How Auto Tune conquered pop music

Sebert, whose label did not respond to a request for an interview, has built a persona as a badass wastoid, who told Rolling Stone that all male visitors to her tour bus had to submit to being photographed with their pants down. Even the bus drivers.

Yet this past November on the Today Show, the 25-year old Sebert looked vulnerable, standing awkwardly in her skimpy purple, gold, and green unitard. She was there to promote her new album, Warrior, which was supposed to reveal the authentic her.

“Was it really important to let your voice to be heard?” asked the host, Savannah Guthrie.

“Absolutely,” Sebert said, gripping the mic nervously in her fingerless black gloves.

“People think they’ve heard the Auto-Tune, they’ve heard the dance hits, but you really have a great voice, too,” said Guthrie, helpfully.

“No, I got, like, bummed out when I heard that,” said Sebert, sadly. “Because I really can sing. It’s one of the few things I can do.”

Warrior starts with a shredding electrical static noise, then comes her voice, sounding like what the Guardian called “a robo squawk devoid of all emotion.”

“That’s pitch correction software for sure,” wrote Drew Waters, Head of Studio Operations at Capitol Records, in an email. “She may be able to sing, but she or the producer chose to put her voice through Auto-Tune or a similar plug-in as an aesthetic choice.”

So much for showing the world the authentic Ke$ha.

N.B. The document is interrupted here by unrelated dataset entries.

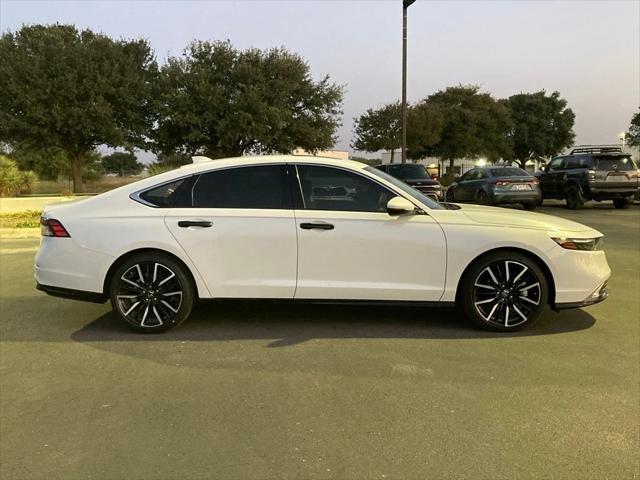 used 2023 Honda Accord Hybrid car, priced at $32,291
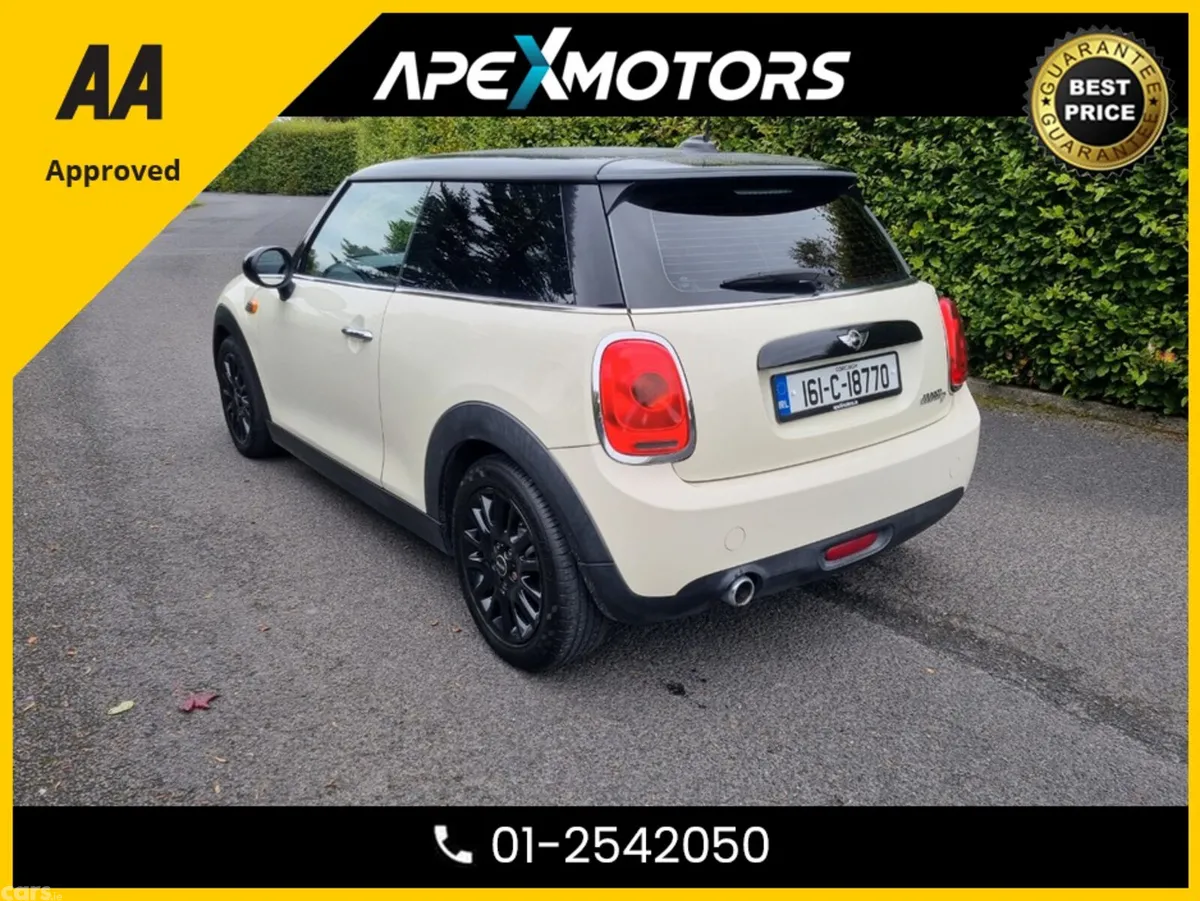 Mini Cooper Hatchback, Diesel, 2016, White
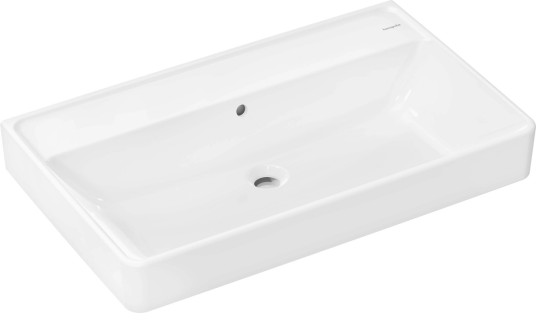 Hansgrohe Xanuia Q Toppmontert Servant 80x48 cm u/bl.hull m/ol Hvit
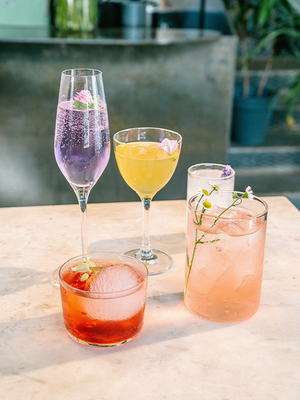 5 Pregnant Mocktails & 5 New Mom Mocktails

Since rising to fame as the weird techno-warble effect in the chorus of Cher’s 1998 song, “Believe,” Auto-Tune has become bitchy shorthand for saying somebody can’t sing. But the diss isn’t fair, because everybody’s using it.

For every T-Pain — the R&B artist who uses Auto-Tune as an over-the-top aesthetic choice — there are 100 artists who are Auto-Tuned in subtler ways. Fix a little backing harmony here, bump a flat note up to diva-worthy heights there: smooth everything over so that it’s perfect. You can even use Auto-Tune live, so an artist can sing totally out of tune in concert and be corrected before their flaws ever reach the ears of an audience. (On season 7 of the UK X-Factor, it was used so excessively on contestants’ auditions that viewers got wise, and protested.)

Indeed, finding out that all the singers we listen to have been Auto-Tuned does feel like someone’s messing with us. As humans, we crave connection, not perfection. But we’re not the ones pulling the levers. What happens when an entire industry decides it’s safer to bet on the robot? Will we start to hate the sound of our own voices?